Ria was my elder sister, we used to have lots of fights, and never used to speak on unnecessary reason. Whenever we had any work with each other we used to talk. Well this time it wasn’t the work , here first time I wanted a advice from her, well when I said that I had a break up she was shocked and asked me did u even had a girlfriend? She knew that I wasn’t fooling her, she could see into my eyes that I was broke, she made a coffee for me and advised me as she was a girl and pretty much experienced in this stuff. She said that, “Every girl always listens to her family, as in family comes first”. I quietly listened to her and sipped the coffee slowly. I couldn’t sleep that day. It was almost morning and I asked my sister to do a favor telling her to take my cell for today because I never wanted to attend any calls for that day neither I wanted myself to call her or message her because I was getting too restless.
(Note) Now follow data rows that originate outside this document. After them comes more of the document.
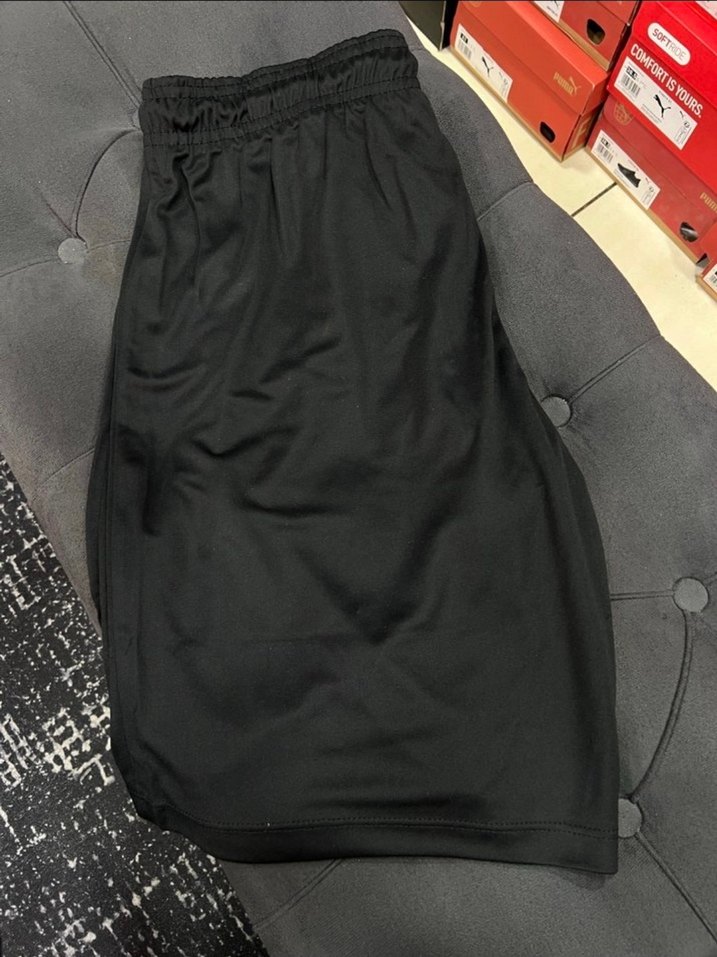 Nike Dry Siyah Spor Şort  Rahat ve Şık! — görsel 2/4
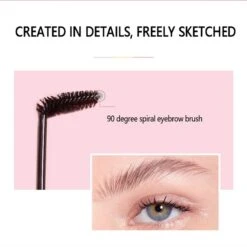 Palm Brow Styling Soap - 100% Vegan - Wenkbrauw Styling Zeep - Wenkbrauwgel Met Langdurig Effect – Veilig En Natuurlijk – Brow Shaping - Wenkbrauw Soap -Poeder - Foundation Winkel 1200x1200 1299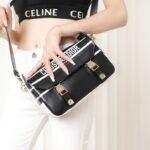 Replica Dior Camp Black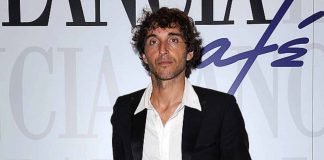 Cruciani, litigio in diretta con Maradona Jr (Getty Images)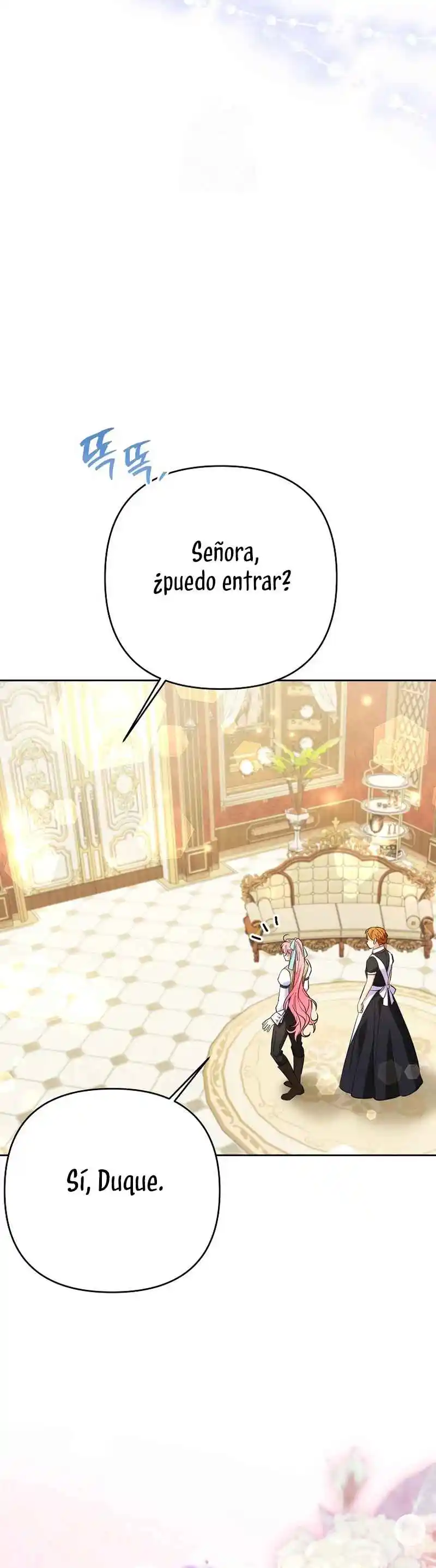 ¿Pensé que eras un esposo con tiempo limitado? capítulo 64, página 19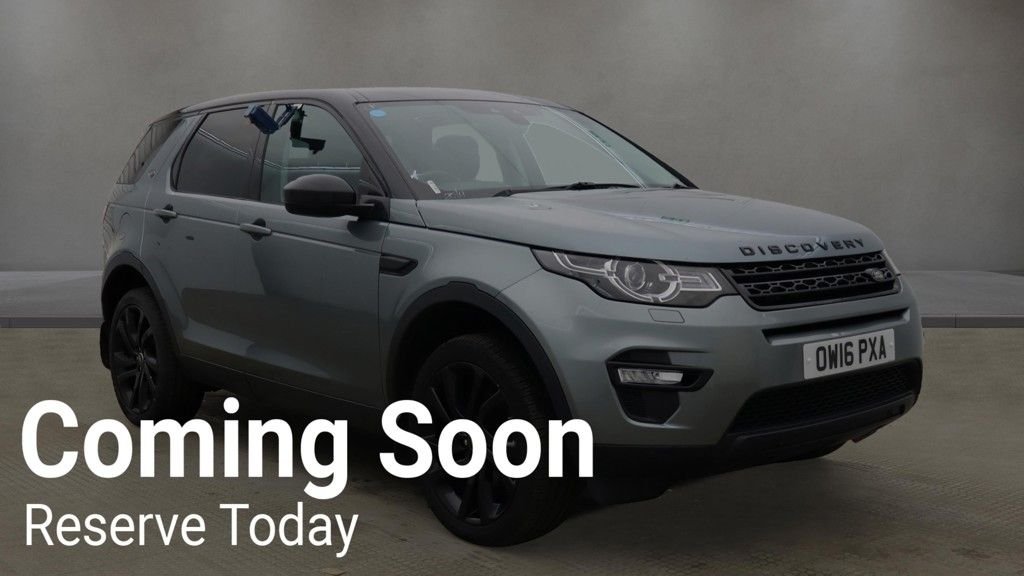 Used Land Rover Discovery Sport 2016 for sale - 76731211: Photo 7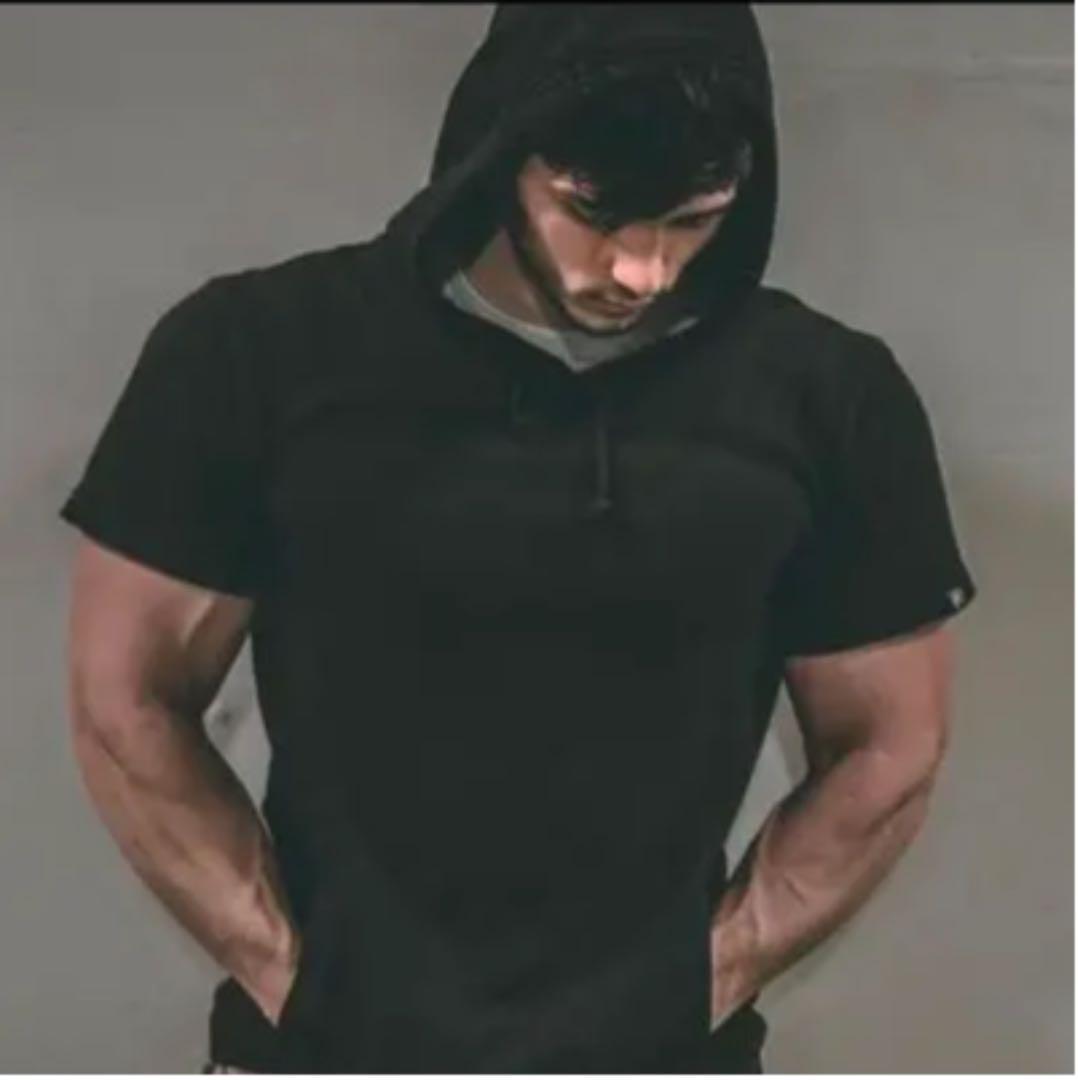 【新品】ALPHALETE アルファリート　#フーディ
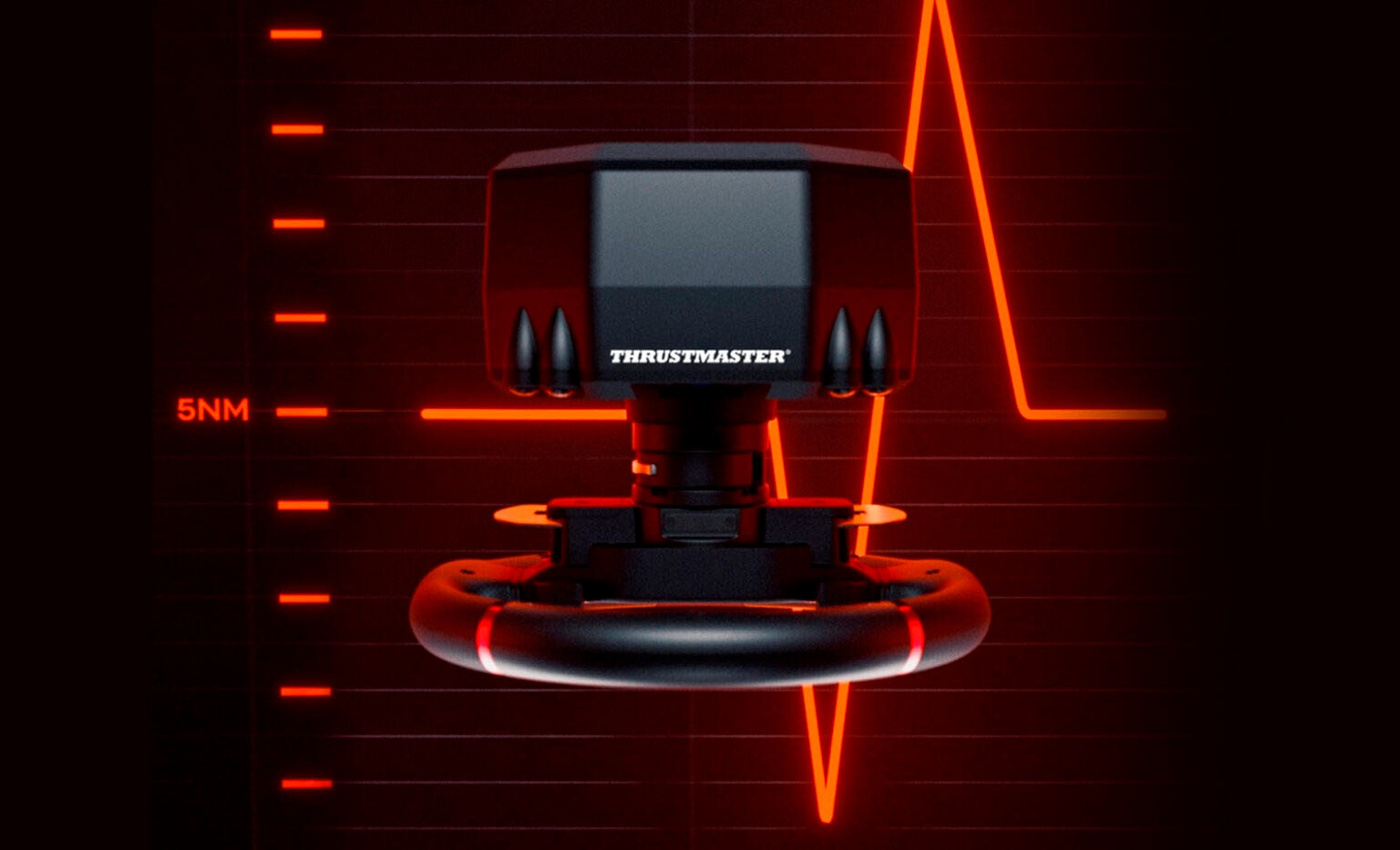 Thrustmaster Lenkrad »T598 (Playstation / PC)«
Had a bath in the morning and went off to sleep for a while and then off to college in mum’s car she dropped me off. Going to class in a off mood made everyone noticed that I was sad for some reason. We had a morning assembly as it was a junior college, friends seeing at me teasing me saying her name and calling me bugged me more. After the assembly they came to me asking how my date went with Sonia. I was all silent till I reached the class I told them that it’s over, and they knew it was for real and am not faking. They tried to console me, all alone I was crying inside.



Hour and hour, Time by time passed, teacher and teacher, books by books changed, in every class I was unto a dream of getting lost into deep forest, on waves of oceans and seas, in the heat of changing sand dunes of desert, in freezing cold of ice bergs and glaciers, deep into the caves that ended in darkness, finding her.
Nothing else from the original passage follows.